Die äußere Erscheinung ist immer eine Illusion. Denn Tricks sind erlaubt. Dies gilt für den Zustand menschlicher Körper und Visagen ebenso wie für bauliche Interventionen. In Kiew hat ein Schönheitssalon eröffnet, wo nichts ist, wie es erscheint. Aber genau das macht diesen Ort spannend: Er ist eine Projektion, ein künstliches Narrativ. Und er zeigt eine gesunde Portion Humor. Die gestalterischen Zügel der räumlichen Transformation lagen in den Händen der Architekten Slava Balbek, Sofiia Hupalovska und Nataliya Stukonog von balbek bureau, das ebenso in der ukrainischen Hauptstadt ansässig ist.
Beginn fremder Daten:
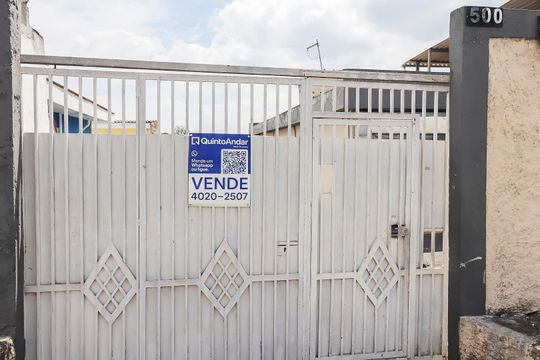 Plaquinha - Cód. VGEF-524 de casa à venda com 2 quartos, 250m² em Jardim Sao Pedro, São Paulo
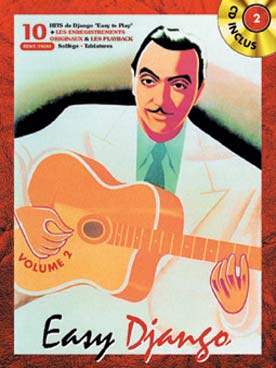 Illustration de Easy Django avec CD play-along - Vol. 2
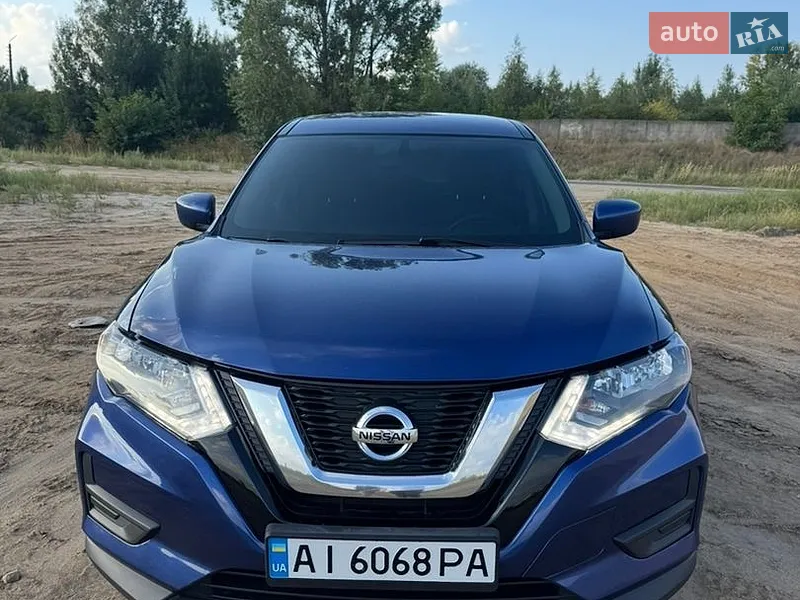 Nissan Rogue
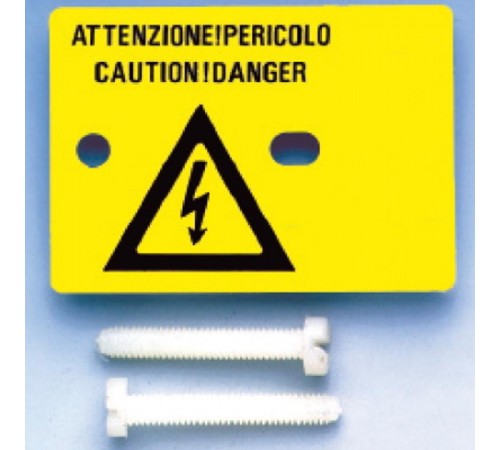 PRP/7/G, защитная крышка для перемычек  ZPRP070G-RET  DKC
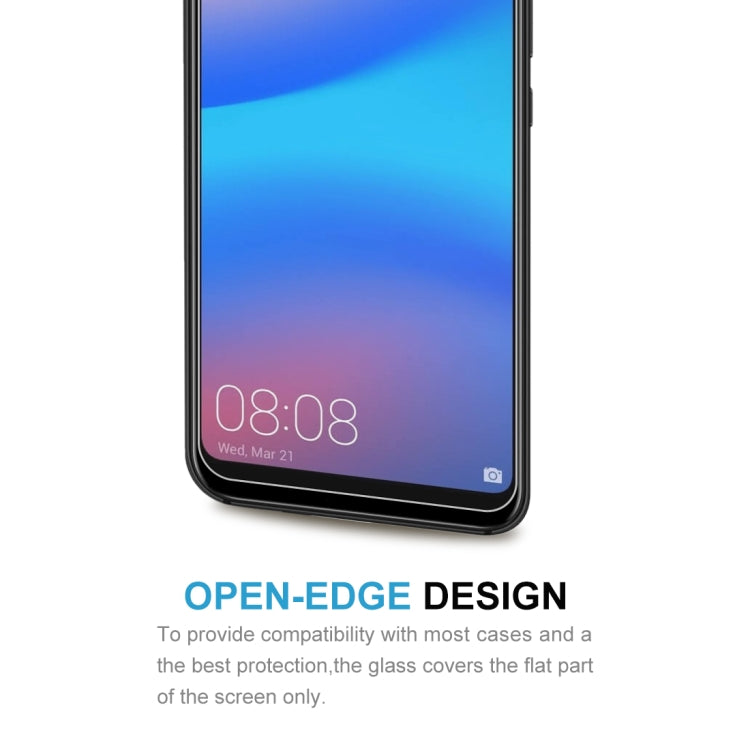 For Huawei P20 Lite 0.26mm 9H Surface Hardness 2.5D Explosion-proof Tempered Glass Screen Film - Huawei Tempered Glass by DIYLooks | Online Shopping South Africa | PMC TechLife | Buy Now Pay Later Mobicred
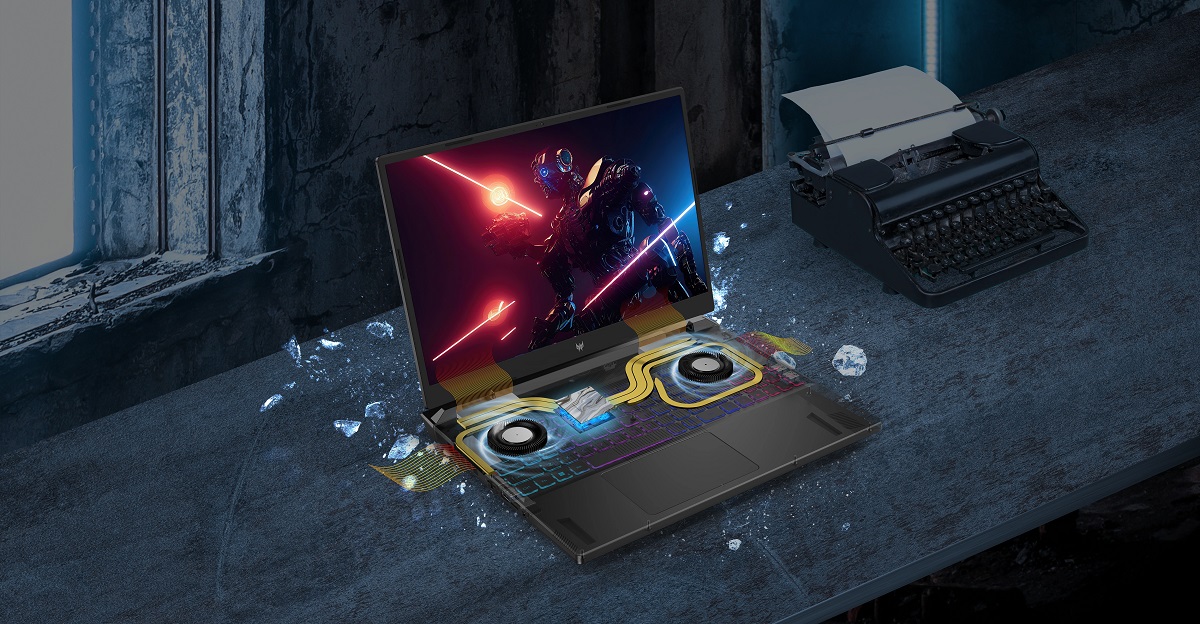 Predator Helios Neo 16 Jadi Laptop Gaming Anyar 2023 dari Acer, Cek Spesifikasi di Sini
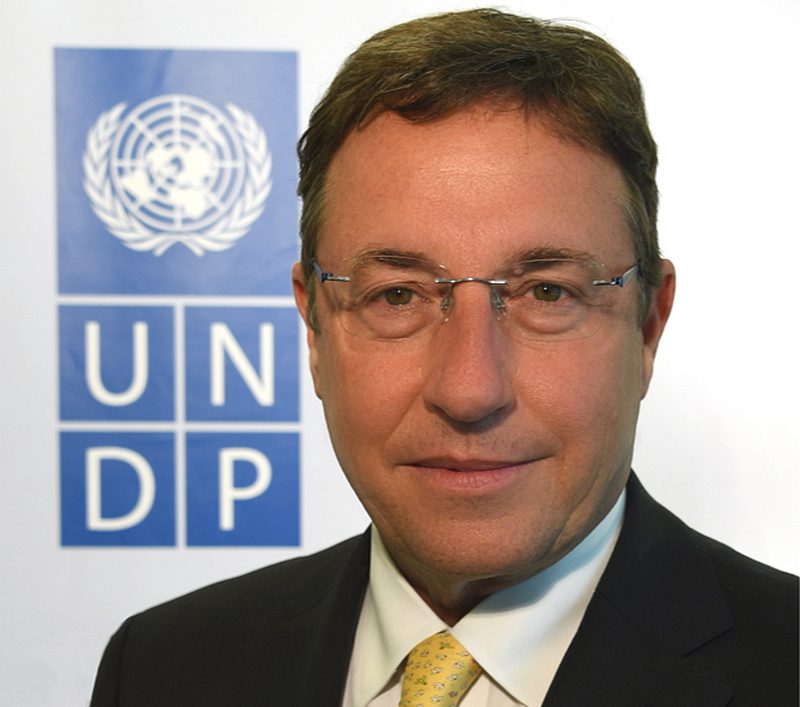 UN Development Programme Administrator Achim Steiner u00e2u20acu201d Picture courtesy of www.undp.org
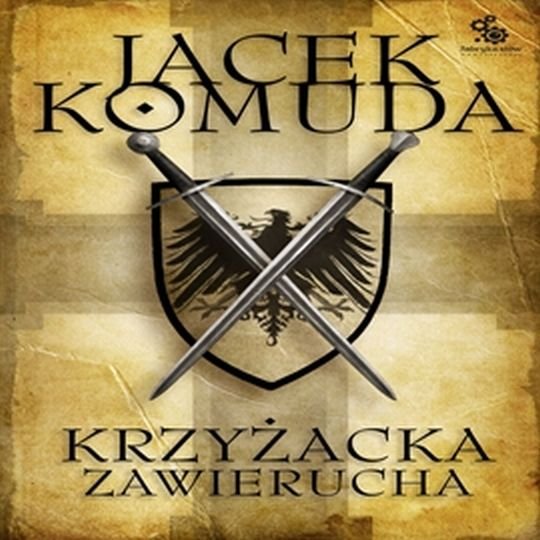 Krzy�acka zawierucha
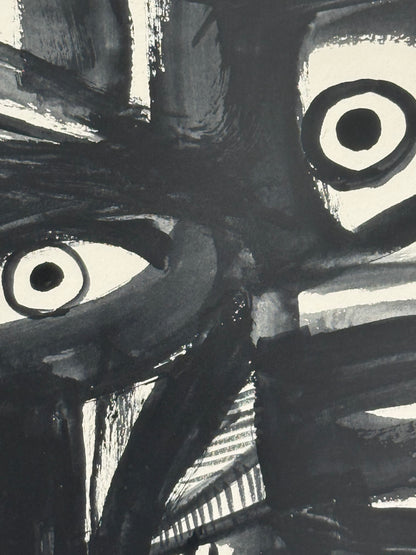 Monochromatic Original Artwork No.316  - ARTHUR ALLAN WILSON, Scottish | 1944-2024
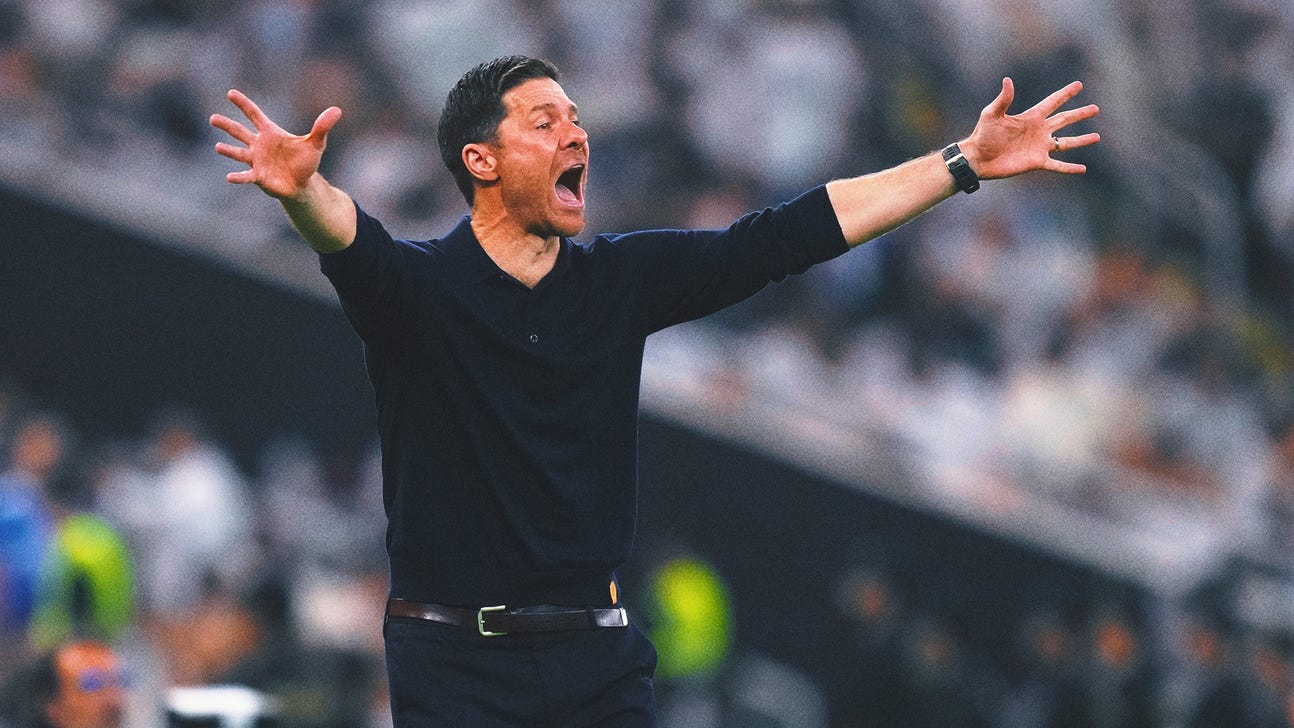 Xabi Alonso Leaves Real Madrid after Loss to Barcelona; Club Names Replacement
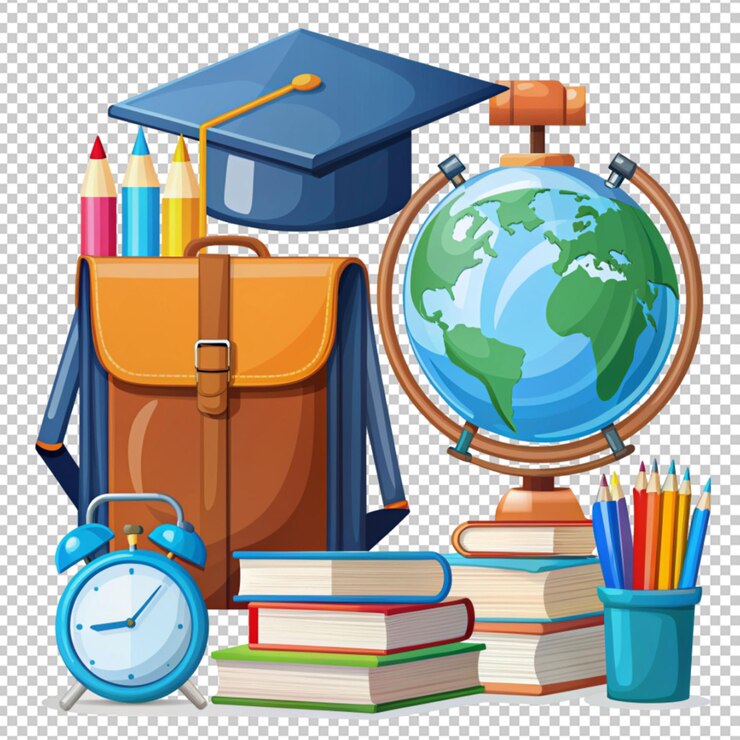 PSD school subjects set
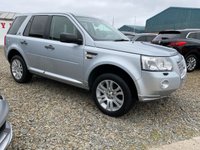 USED 2010 10 LAND ROVER FREELANDER 2.2 TD4 HSE 5d 159 BHP 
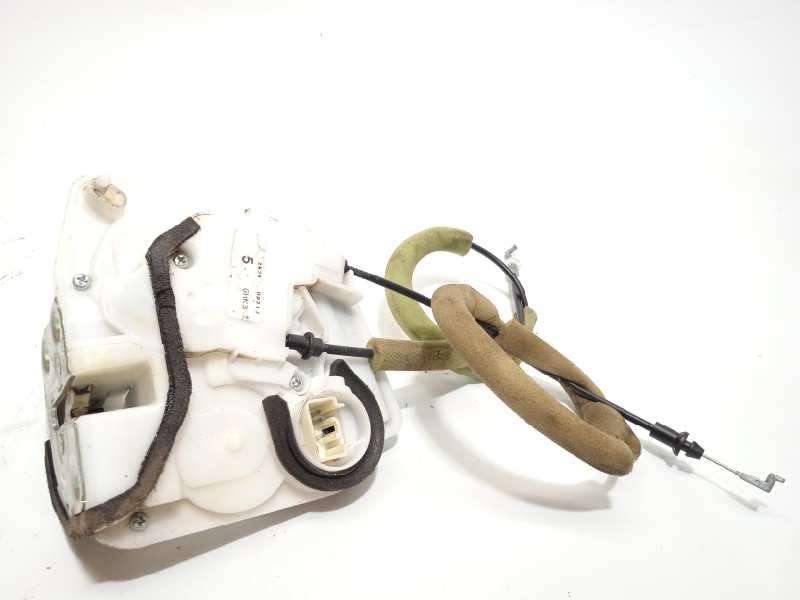 CERRADURA PUERTA TRASERA DERECHA GHK372310 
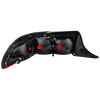 GRAND MARQUIS 95-97 TAIL LAMP RH, Lens and Housing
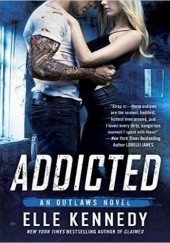 Okładka książki Addicted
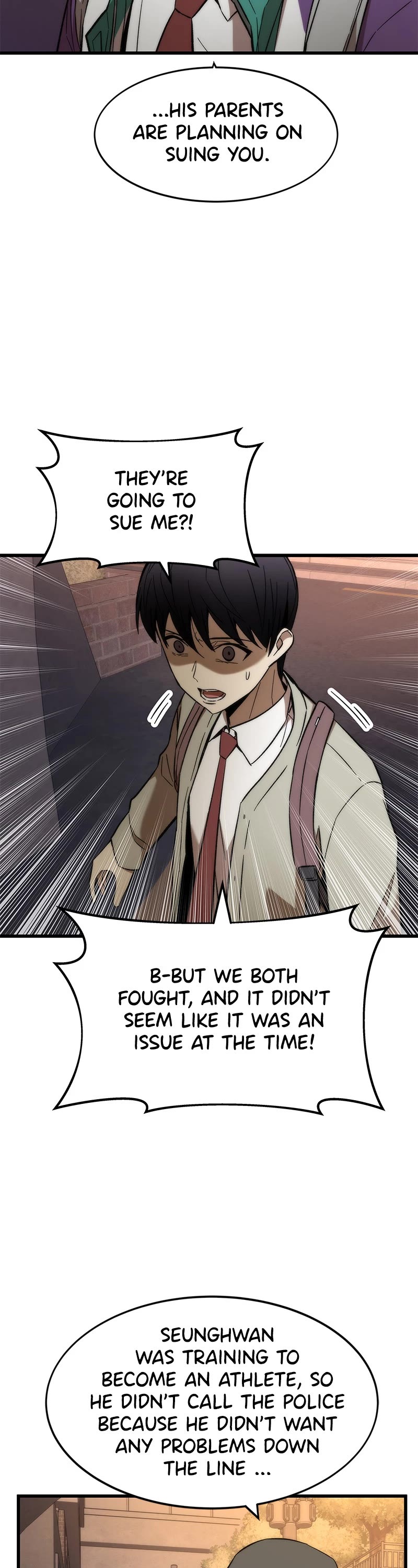 Ultra Alter Chapter 21 page 42 - Chapter 21: Ep. 21 - Torture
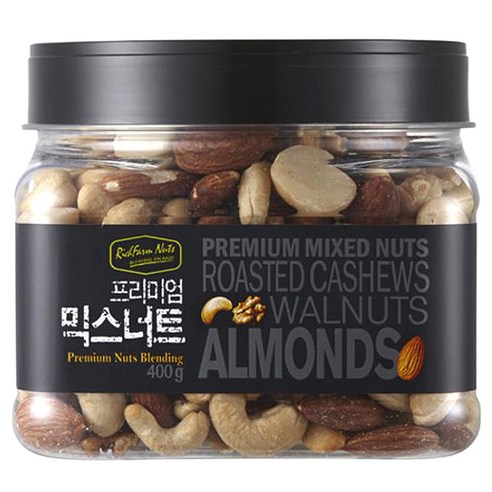 리치팜너트 프리미엄 믹스넛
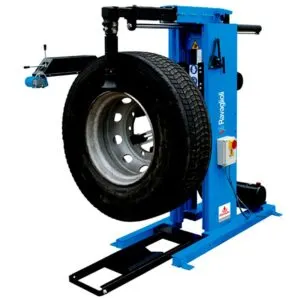 RAVAGLIOLI 27" COMMERCIAL VEHICLE TYRE CHANGER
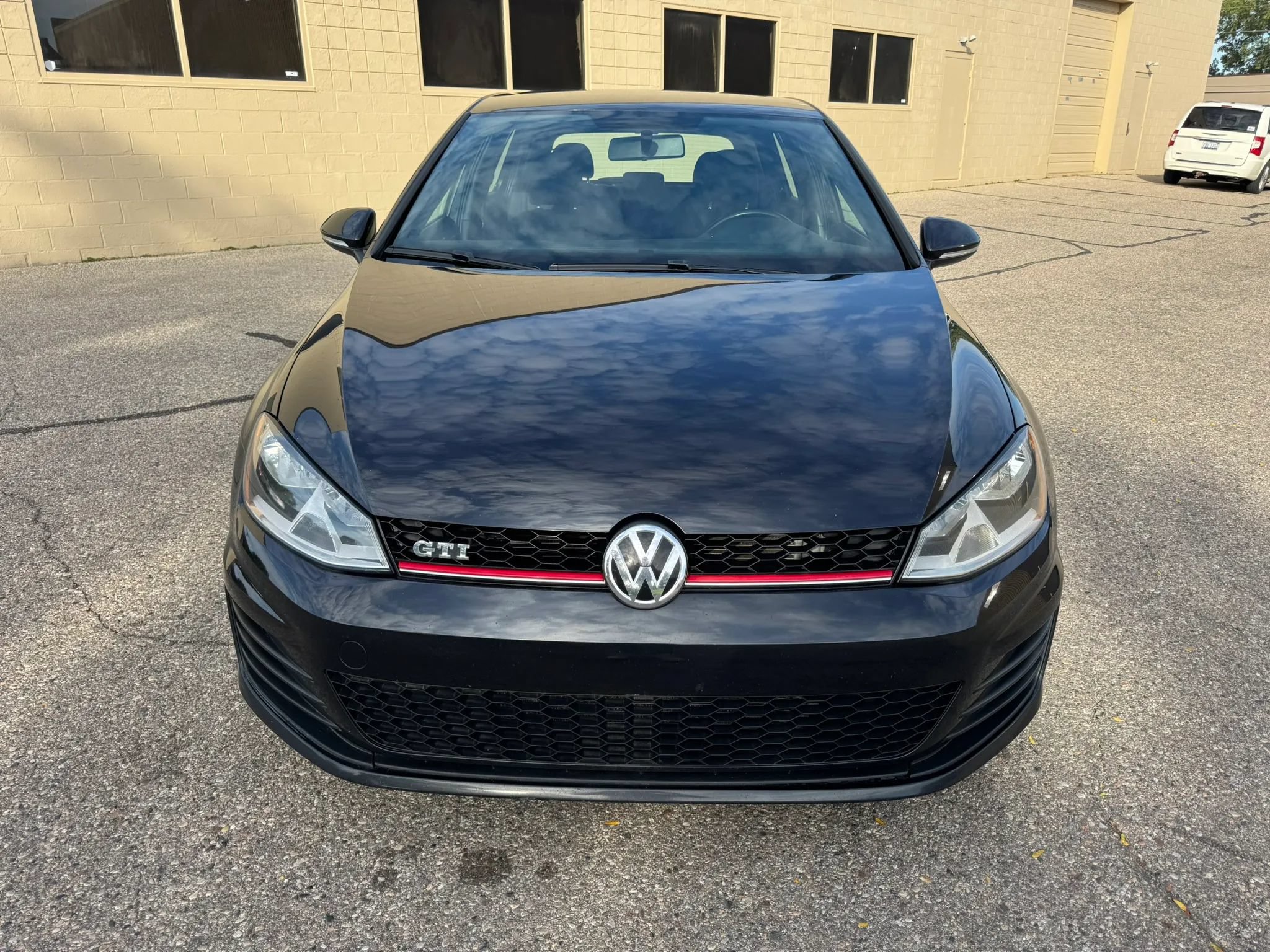 Used 2016 Volkswagen GTI S FWD image 2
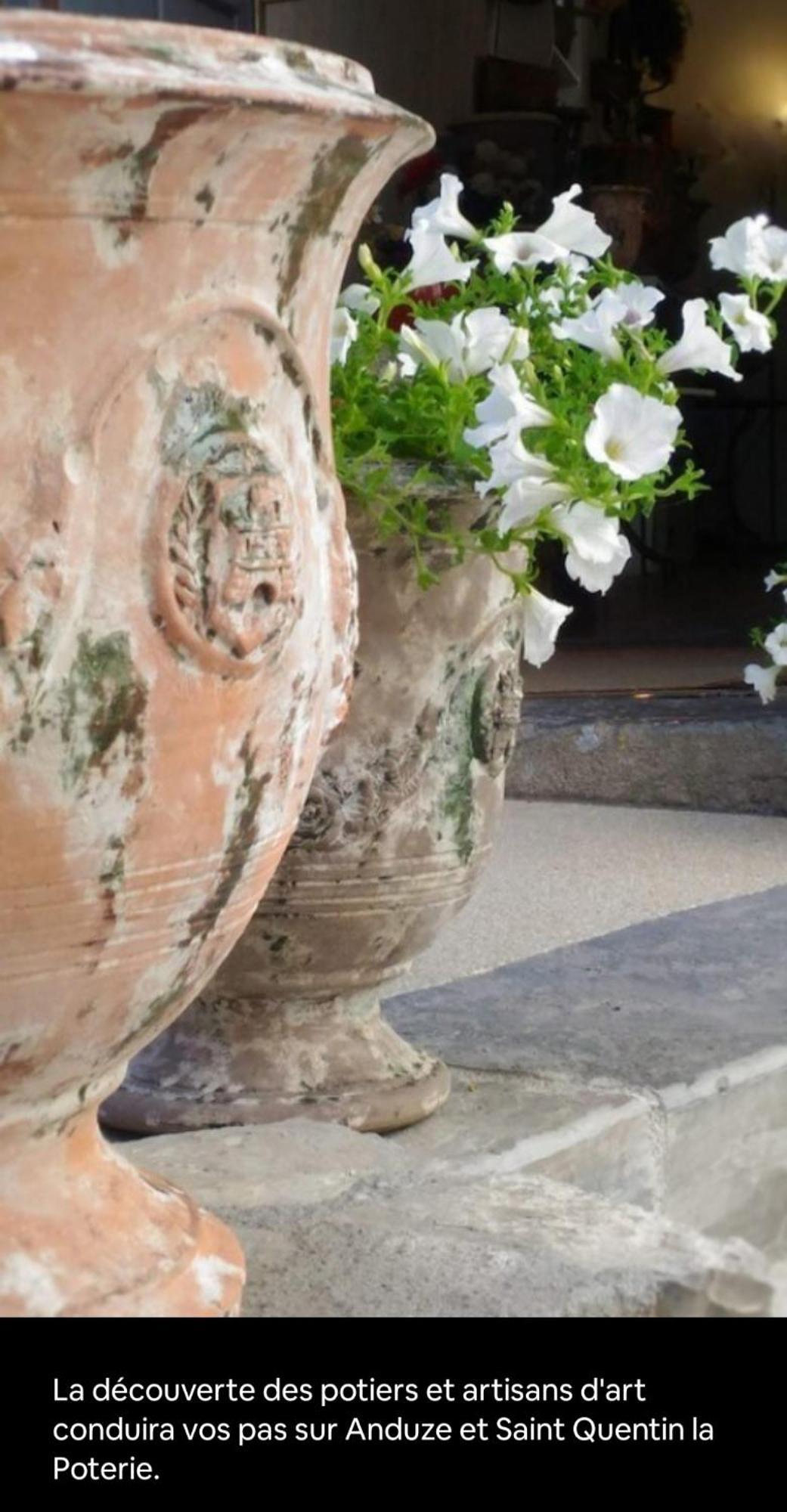 Bed and Breakfast A Nou'Deux Servas  Exterior foto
Finanziert wurde das Projekt von einer Bauherrin aus Kanada, die in der Schönheitsindustrie tätig ist.
Fernab vom Stereotyp
Zehn Monate dauerte der Umbau des 200 Quadratmeter großen Ladengeschäfts inmitten der Altstadt, das sich über ein Erd- und Untergeschoss erstreckt. Die historische Bausubstanz sollte sichtbar werden. Zugleich sollte eine wirkungsvolle Brechung entstehen – was die architektonische Umgebung, die Bestimmung des Ortes als auch die Nutzung anbelangt. Denn anders als die meisten Schönheitssalons soll sich die Say No Mo Social Nail Bar an Frauen und Männer adressieren. Und das hieß im Gestaltungsprozess: Stereotype auf beiden Seiten über Bord zu werfen. Pastellene Farben und glatte Oberflächen wie in typischen Damensalons der Mitte des vergangenen Jahrhunderts kamen für balbek bureau ebenso wenig infrage wie das schummrige Ambiente eines Gentlemens Club mit holzgetäfelten Wänden und ledernen Sesseln.
Durch die Wand
Es sollte eine rauere Umgebung entstehen, die den Charme eines Nachtclubs oder einer verruchten Bar atmet, ohne den eigentlichen Zweck dieses Ortes auf Anhieb preiszugeben. Hierbei waren die vier Meter hohen Räume durchaus von Vorteil. balbek bureau platzierten in den Eingangsbereich eine vom Boden zur Decke aufragende Betonwand, die mit dem Presslufthammer durchbrochen wurde. Hinter ihr treten fünf Millimeter starke Stahlpaneele mit goldenem Finish zum Vorschein, die einen warmen, edlen Schimmer in den Raum werfen. Auch der vorgelagerte Betontresen ist aus Beton gegossen. Während die eine Seite im streng-kubischen Raster bleibt, ist die andere Seite ebenfalls mit dem Presslufthammer zerklüftet worden. Perfektion liegt in der Imperfektion, so die unmissverständliche Botschaft.
Wandelbare Partyzone
Und dazu gehört die richtige Brechung. Konkret: Haarpflege, Pediküre, Maniküre und Make-Up-Studio um eine weitere Aufgabe zu ergänzen, die eigentlich nicht an diesen Ort gehört. Die kanadische Besitzerin hat neben einer Café- ebenso eine Barlizenz erworben. So können an einem Tresen aus Beton Cocktails oder Shots von erstklassigen ukrainischen Wodkas serviert werden. Die Rückwände sind ebenfalls mit güldenen Stahlpaneelen verkleidet, die Regale für verschiedene Teesorten freigeben.
Auf schimmernde Nuancen setzt ein silbriger Vorhang, der vor einer verspiegelten Wand platziert ist und die Illusion eines dahinter liegenden Raumes erweckt. Die Disco-Assoziation ist keine Koketterie: Immer wieder finden Parties im Salon statt. Dafür werden die Fußpodeste im Pedikürraum mit Beistelltischen überdeckt, auf denen Cocktailgläser platziert werden können. Der Blick fällt von dort auf ein großes metallenes Waschbecken, das um die vergangene Jahrhundertwende herum in der Sowjetunion produziert wurde. Heute und gestern treffen so ebenso aufeinander wie das Bruchstückhafte und Perfektionistische. Ein Raum, der Schönheit dort lokalisiert, wo Ecken und Kanten zum Tragen kommen.